Eric Idle’s "Spamalot" distills the best of Monty Python into one show. The main through line is from "Monty Python and the Holy Grail" with King Arthur and the Knights of the Round Table searching for the Holy Grail. But you will also find skits from "Monty Python's Flying Circus" and things such as "The Bright Side of Life" from "Life of Brian."
Cygnet Theatre’s artistic director Sean Murray had the chance to play King Arthur in Moonlight Stage's production back in 2014. But this year Murray wanted to direct a production of "Spamalot" himself but knew he’d have to make adjustments for his more intimate venue. He knew he couldn’t have castles and people flying in, but he could play up the sketch comedy.

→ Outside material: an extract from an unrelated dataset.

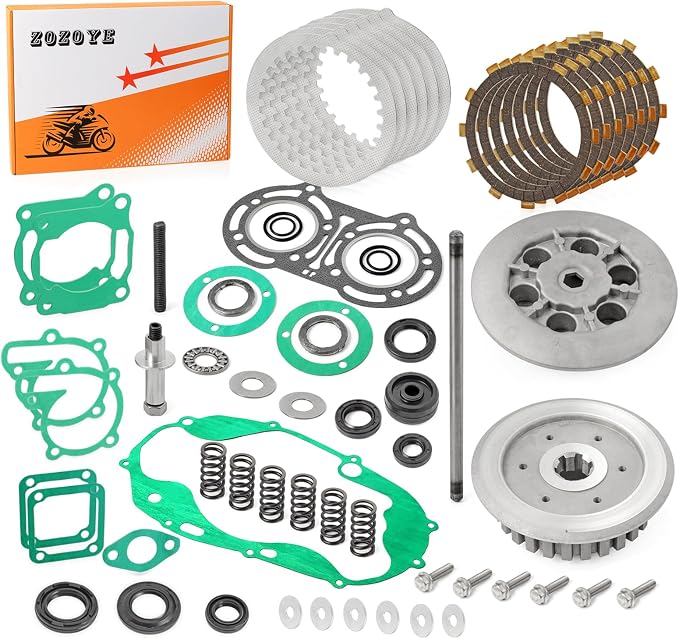 Banshee 350 Clutch Kit & Center Inner Hub & Outer Pressure Plate For Yamaha YFZ350 1987-2006 Heavy Duty Springs Kit & Complete Gasket Seal Clutch Push Rod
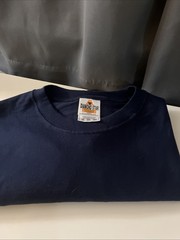 Diamond Star Men’s Heavyweight Cotton Navy XXXL T-Shirt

So he teamed with his design crew to come up with a new look for the play.
"We started looking at it like a children’s pop-up book, a fairy tale pop-up book," Murray said. "We decided everything needed to be two-dimensional, flat painted so it feels like a children’s book. There were numerous places where I really wanted to bring little castles on stage instead of big castles and that sort of evolved into a language where — there’s sort of a deep subplot in our production of trying to fit this big show into a small space, a little bit aware of ourselves doing it."
But the world of Python invites that kind of creativity.
You can catch Murray as King Arthur in "Spamalot" through Aug. 12 at Cygnet Theatre in Old Town. There’s not much spam in that.